I’ve also spotted some nifty webpages where people show the elevation as well as the map of their GPS track for their hikes. I’ve found I can manually create a tour of a hike using Google Earth by importing the GPS track, creating placemarks, and then recording a tour as I manually click through the placemarks. To put that out on the web I then have to export the GPS track with the tour and placemarks to a website and feed that link into their Embed Tour Gadget.

Unfortunately, I use the free WordPress.com service to host my blog and it does not allow scripts, so the Google Gadgets don’t work there. I created a couple of tours of my recent hikes in the Wichitas, then exported the altered .kml files out of Google Earth and uploaded them to the web hosting account that comes with my cable modem, then went to Google’s free Blogger service where I set up a new account. I then set up embedded tours using the Google Gadget and then created Blogger posts with that embedded code.

That’s nifty, and I could even add audio narration.  But building a tour is frankly too much trouble to go through for every hike. I want something that is more automated. I  could start adding an interactive Google Map of each hike track into my WordPress posts as shown below:

2/2011 UPDATE: Looks like most if not all of my Visualized Google Map tours broke pretty quickly, with placemarks remaining but no photos. That bites, and I won’t invest any more effort in that approach.

That would let readers manually explore the hiking route. But manually adding placemarks and images as I did in the above example is way too much work. I can also create an image with the elevation information from my hike either via a screen shot from Google Earth or a more customized view using GPS Visualizer, as shown below.

But again, that’s just one more step in the already overlong workflow. Plus, I really like how in Google Earth you can scroll your mouse along an elevation profile and see where you were on the mapped track at each point along the journey.  I wish I could find an embedded widget that gives that sort of interactive view of my elevation and track map.

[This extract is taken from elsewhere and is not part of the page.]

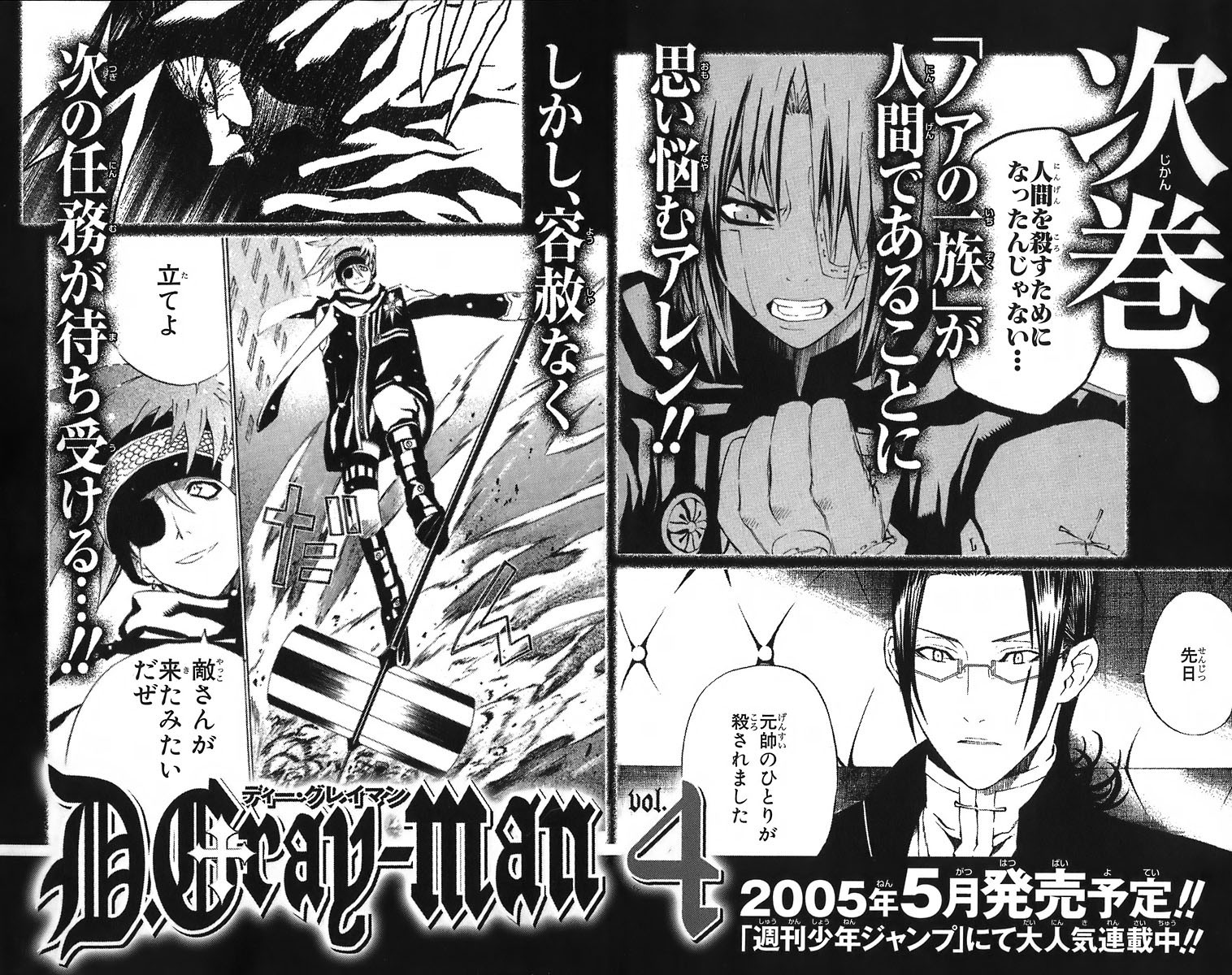 D Gray Man - Chapter Volume_03 - Page 202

I’ve also seen webpages, such as this one at EveryTrail, which playback hiking tracks with accompanying picture placemarks.  That’s pretty cool, but again I’d need it to be very automated. There are iPhone apps which do this sort of thing, using pictures taken in the app itself. It’s not quite what I’m looking for, but I’m going to experiment with it. I’ve purchased both the AccuTerra Unlimited and EveryTrail Pro apps and will give them a trial run. But there is a limit to how much mucking about with the technology I want to do out on the trail.

In the end, I may add some more GPS features to my day hike posts, or I may not. I presume some readers just view the slideshow while others read the narration and use its picture links.